The Sweeping section allows you to view the MRO call used to invoke this stage (invocation) and information about the split and join components of the stage if it was parallelized.
Martian, the pipeline framework used by Cell Ranger, supports parameter sweeping for pipelines. The Forks and Permute fields in the Sweeping section would display information about different parameters being swept, but no Cell Ranger pipeline currently performs parameter sweeping. These fields will always contain only trivial information as a result. |
The Argument Bindings and Return Bindings sections display the inputs and outputs of the stage:
In general, only top-level pipeline stages (those represented by rectangular nodes in the process graph) contain return bindings.
The Chunking section displays information about the parallel execution of the stage:
Many stages are automatically parallelized and process different pieces (chunks) of the same input dataset in parallel. In the above example, the input dataset (the BAM file from the SORT_BY_BC stage according to the Argument Bindings section above) was split into 39 chunks for this stage. Chunks 0-30 already completed, 31-35 are in flight, and 36-38 are waiting for CPU and/or memory to become available before running.
Clicking on an individual chunk exposes additional options for viewing metadata about that chunk's execution (Chunk Def) including how much RAM (__mem_gb) and how many cores (__threads) it requests. As with the Sweeping section, additional metadata associated with the chunk execution can also be viewed.
You can also examine pipestances that have already completed using the Cell Ranger UI. Assuming your pipestance output directory was /home/jdoe/runs/sample345, simply re-run the cellranger command with the --noexit option passed along with --uiport to re-attach the UI:
$ cellranger run --id=sample345 \ --transcriptome=/opt/refdata-cellranger-1.1.0/hg19 \ --fastqs=/home/jdoe/runs/HAWT7ADXX/outs/fastq_path \ --indices=SI-3A-A1 \ --cells=1000 \ --uiport=3600 \ --noexit Martian Runtime - 2.0.0 Serving UI at http://localhost:3600 2012-01-01 12:00:00 [runtime] Reattaching in local mode. Running preflight checks (please wait)... Pipestance completed successfully, staying alive because --noexit given.

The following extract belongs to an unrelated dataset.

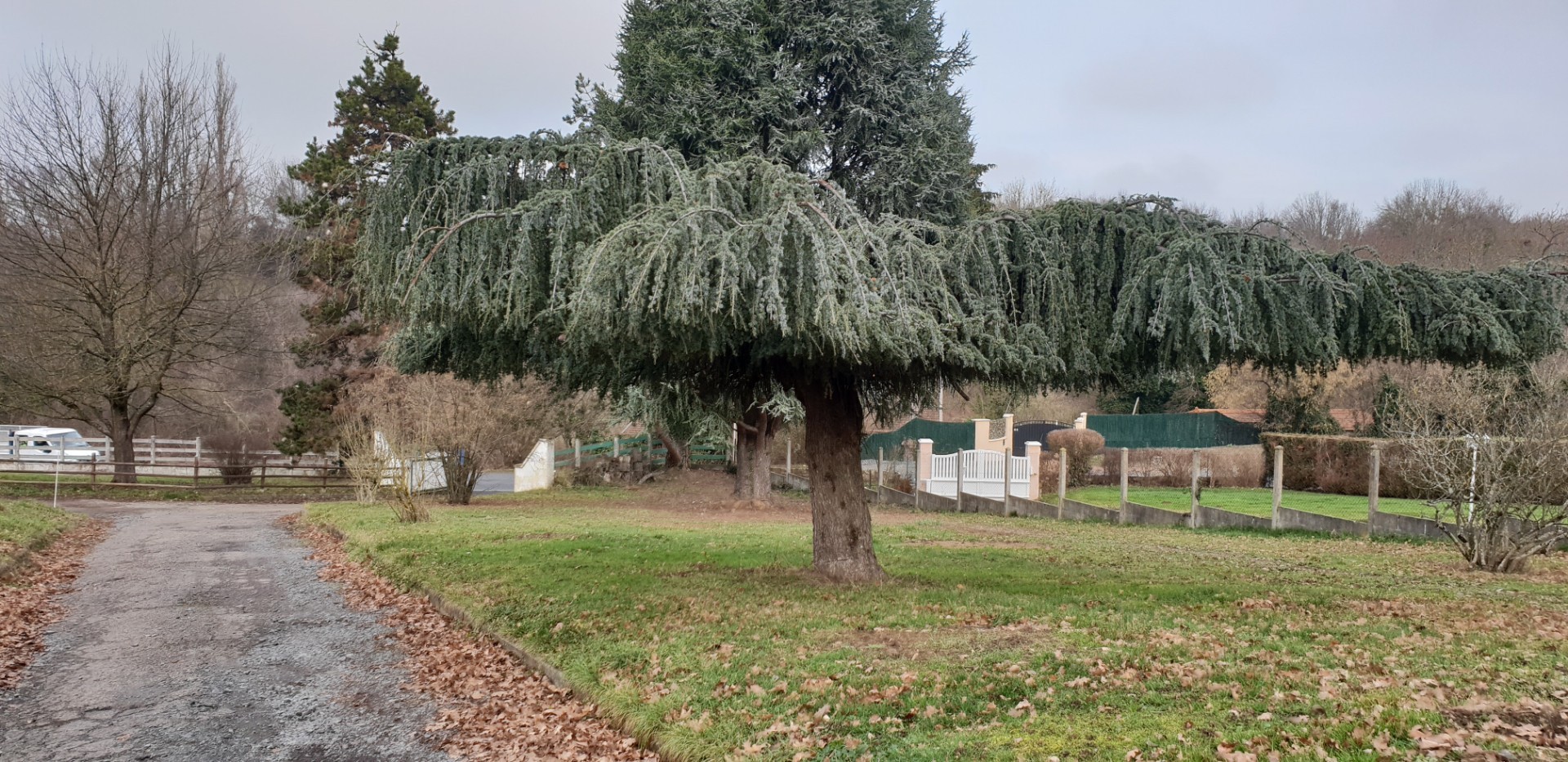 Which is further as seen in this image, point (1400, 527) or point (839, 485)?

Alternately, you can re-attach using cellranger's MRO-mode syntax detailed in the Multi-Flowcell Sample page. Because the _invocation metadata file contains the MRO used to invoke the stage, you can simply pass it to the cellranger command (e.g., sample345/_invocation) along with the pipestance output directory's name (which is the same as the sample name; e.g., sample345):
$ cellranger run sample345/_invocation sample345 \ --uiport=3600 \ --noexit Martian Runtime - 2.0.0 Serving UI at http://localhost:3600 2012-01-01 12:00:00 [runtime] Reattaching in local mode. Running preflight checks (please wait)... Pipestance completed successfully, staying alive because --noexit given.
Because cellranger assumes it is resuming an incomplete pipeline job when re-attaching, the pipeline must be valid and preflight checks must still be passed. As such, relocating a complete pipeline may prevent the UI from re-attaching.
If you run pipelines on a server that blocks access to all ports except SSH, you can still access the Cell Ranger UI using SSH forwarding. Assuming you have a cellranger pipeline running with --uiport=3600 on cluster.university.edu, you can type the following from your laptop:
$ ssh -NT -L 9000:cluster.university.edu:3600 jdoe@cluster.university.edu jdoe@cluster.university.edu's password:
Upon entering your password (assuming you are jdoe@cluster.university.edu), the command will appear to hang. However, in the background it has mapped port 9000 on your laptop to port 3600 on cluster.university.edu through the ssh connection for which you just entered your password.
This allows you to go to http://localhost:9000/ in your web browser and access the UI running on cluster.university.edu:3600. Once you are done examining the UI, use Ctrl+C in your ssh -NT -L ... terminal window to terminate this SSH forwarder.
A full explanation of SSH forwarding is beyond the scope of this guide, but the OpenSSH Documentation explains this in greater depth.